The second or bottom plate 40 has a base 41 and an elevated surface 42 rising from base 41, wherein the elevated surface 42 defines a cylindrical side or wall 45 having a smaller circumference than the base 41. The elevated surface 42 and the recessed surface 31 define and are separated by a fluid chamber or cavity 44. The cavity 44 may be centered about the longitudinal axis 16 of the plug 10 or pipe 11. The elevated surface 42 and the walls 45 may complementarily fit, insert, or engage into the recessed surface 31 and the flange 32 of the top plate 30 as the plates 30, 40 compress together. Accordingly, the area of the fluid chamber or cavity 44 may decrease as the plates 30, 40 compress. The second plate 40 further includes a fluid port or opening 43 at the center of the second plate 40, defined through the base 41 and the elevated surface 42, and further which is in fluid connection, fluidly connected, or open to the fluid cavity 44 between the first compression or clamping plate 30 and the second compression or clamping plate 40. The fluid chamber or cavity 44 is capable of retaining a volume of fluid or water 14 within the area defined by the elevated surface 42, the flange 32, and the recessed surface 31. In alternative exemplary embodiments (not illustrated herein), the top plate 30 may omit the recessed surface 31 and the bottom plate 40 may omit the elevated surface 42, such that the plate 30,40 are flat plates which compress the seal 60.

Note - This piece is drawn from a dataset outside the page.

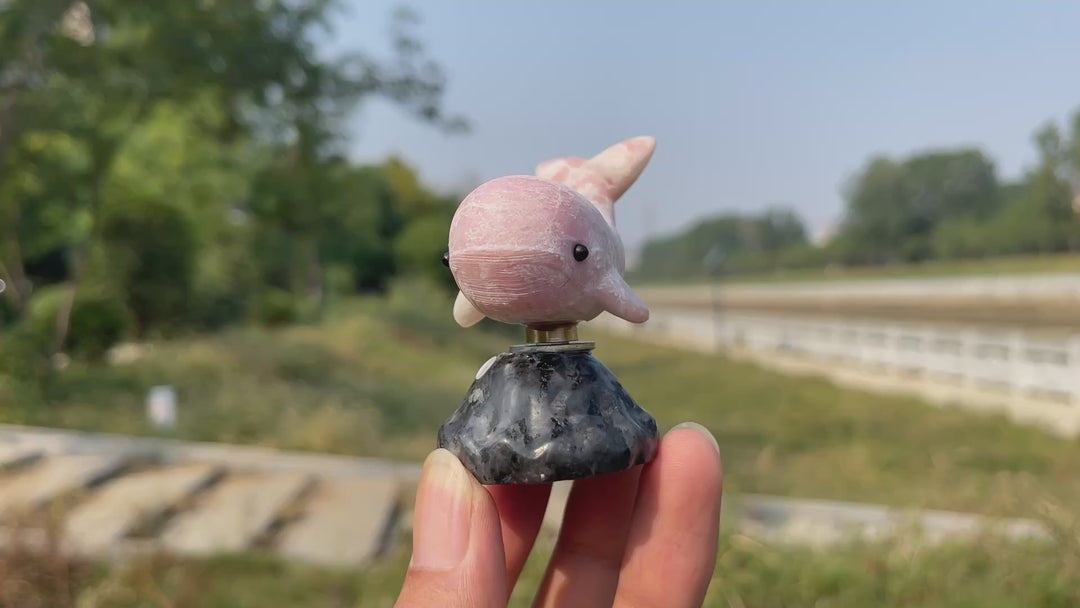 A Slightly Imperfect Natural Crystal Rotating Whale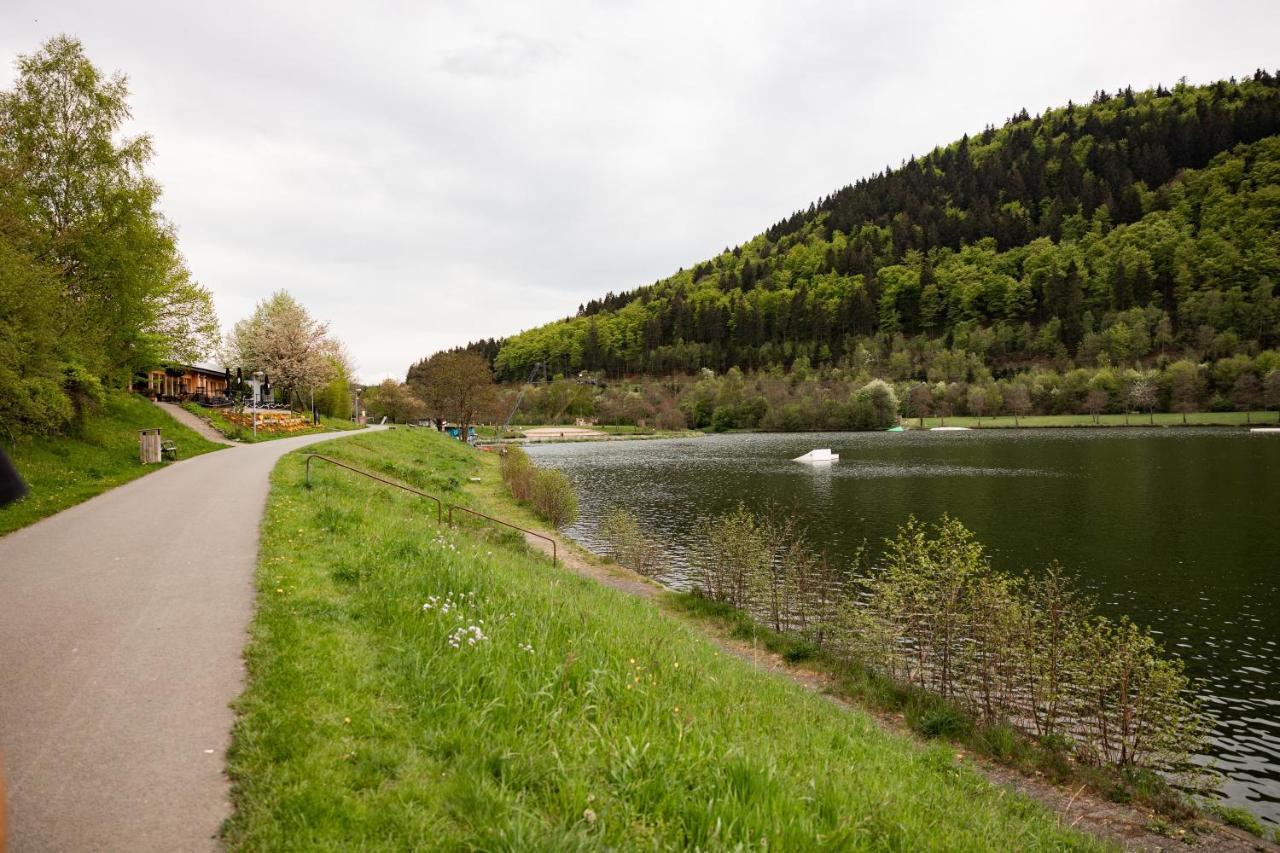 Ferienwohnung Am See - Sport Und Erholung - Wlan Winterberg Extérieur photo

A seal 60 constructed of compressible or flexible material is positioned between the two compression plates 30 and 40. The seal 60 has a ring-like shape, defining an interior surface 63 and an exterior surface 64, wherein both the interior surface 63 and exterior surface 64 are curved, cylindrical surfaces connected by a flat seal top surface 61 and a flat seal bottom surface 62. The flange 32 of the first compression plate 30 may be directly adjacent and abut the top surface 61 of the seal 60, and the base 41 of the second compression plate 40 may be directly adjacent and abut the bottom surface 62 of the seal 60. The seal's interior surface 63 may be directly adjacent to and abut the walls or sides 45 of the raised or elevated surface 42 of the second plate 40. The exterior surface 64 of the seal 60 is configured to engage and seal against the inner or interior surface 11a of the pipe 11 when the seal 60 is sufficiently compressed or activated by the first compression plate 30 and the second compression plate 40.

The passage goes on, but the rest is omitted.